_Work instructions_
Produce exactly the lines from the one holding "Bottle Green Meenakari" through the last line of the data below, with every picture left out.

_Data block_
• • •

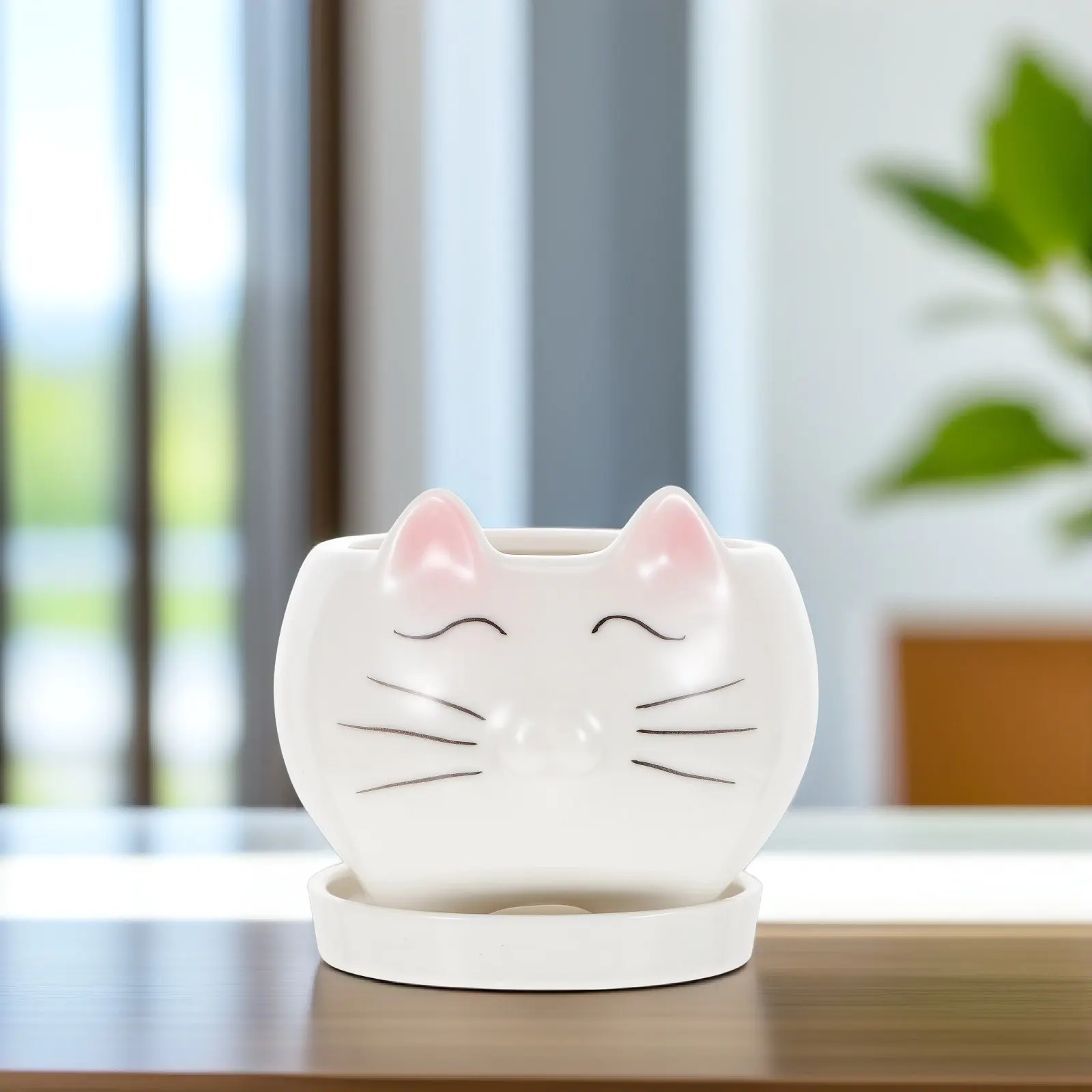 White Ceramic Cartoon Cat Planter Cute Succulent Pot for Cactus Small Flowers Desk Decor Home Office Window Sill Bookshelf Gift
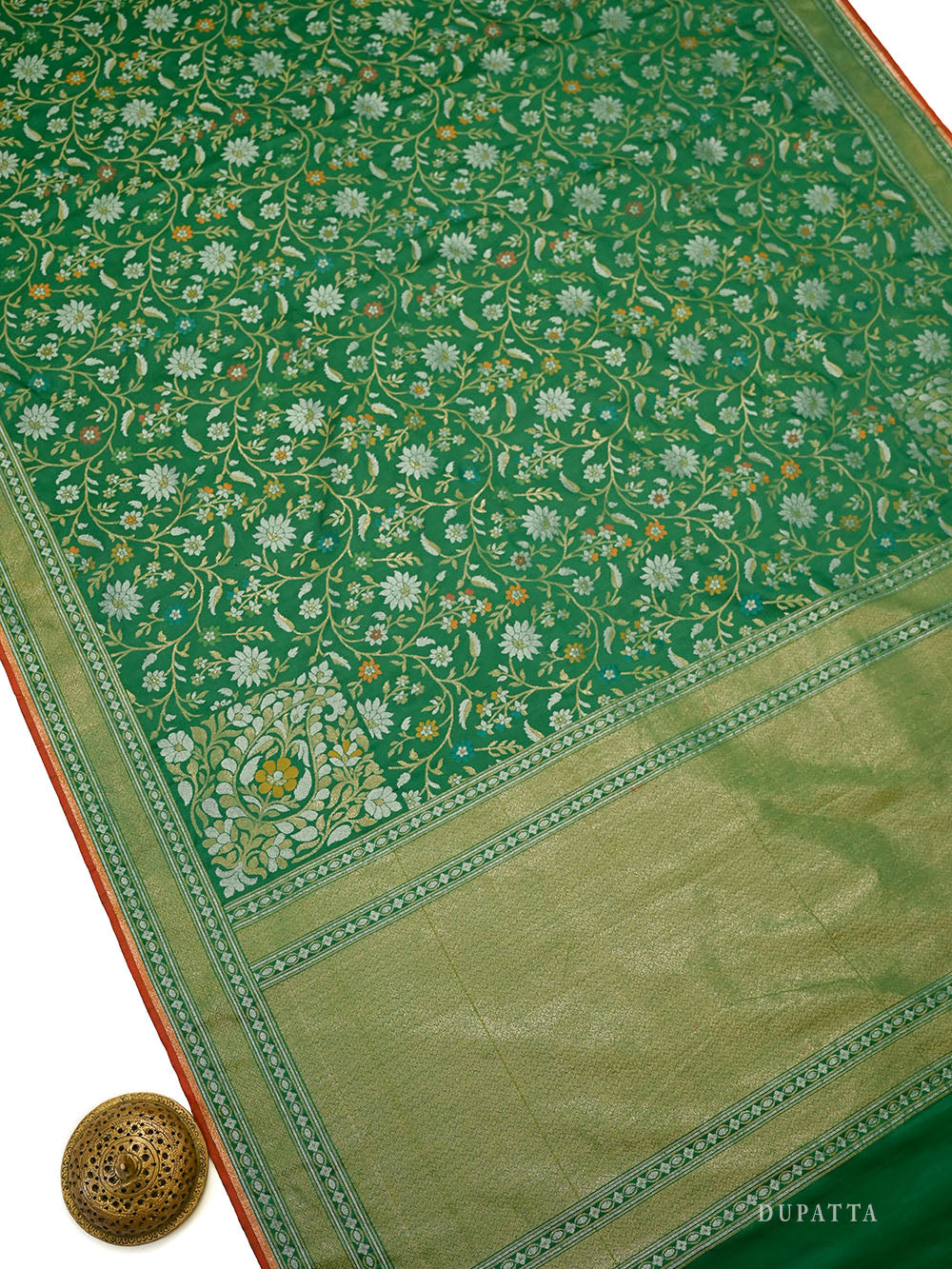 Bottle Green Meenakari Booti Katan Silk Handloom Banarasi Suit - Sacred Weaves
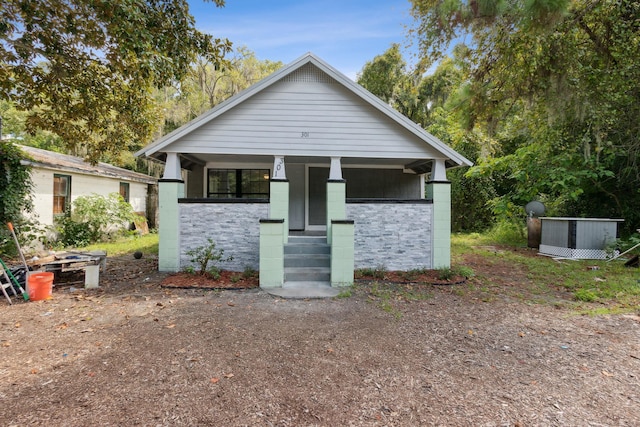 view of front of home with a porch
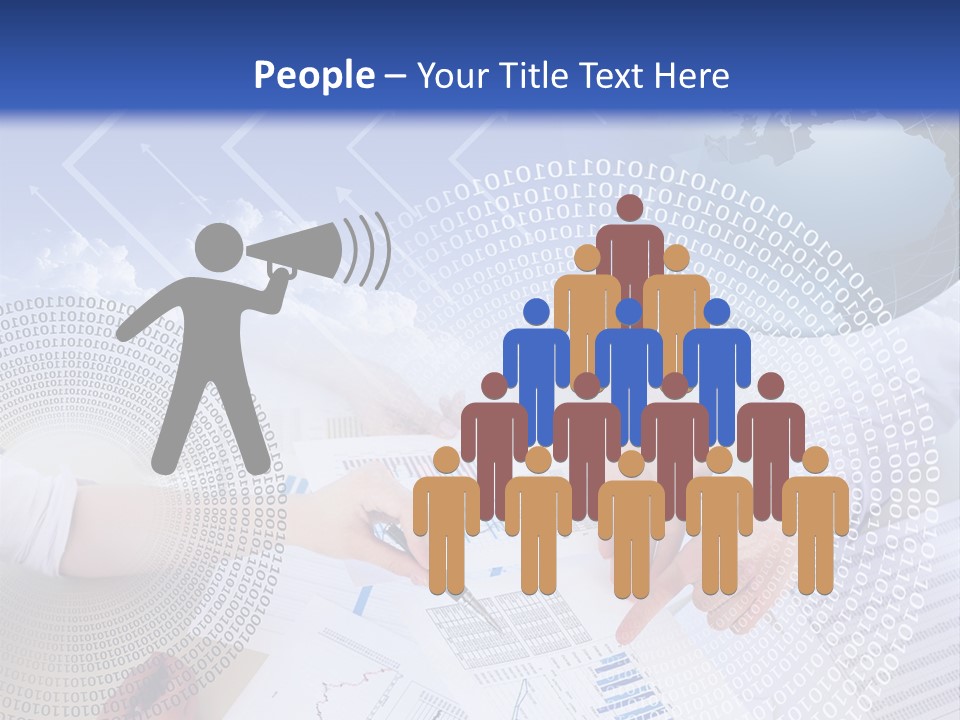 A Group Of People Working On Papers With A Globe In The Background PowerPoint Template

• • •

_Exercise output_
 Bottle Green Meenakari Booti Katan Silk Handloom Banarasi Suit - Sacred Weaves
 view of front of home with a porch
 A Group Of People Working On Papers With A Globe In The Background PowerPoint Template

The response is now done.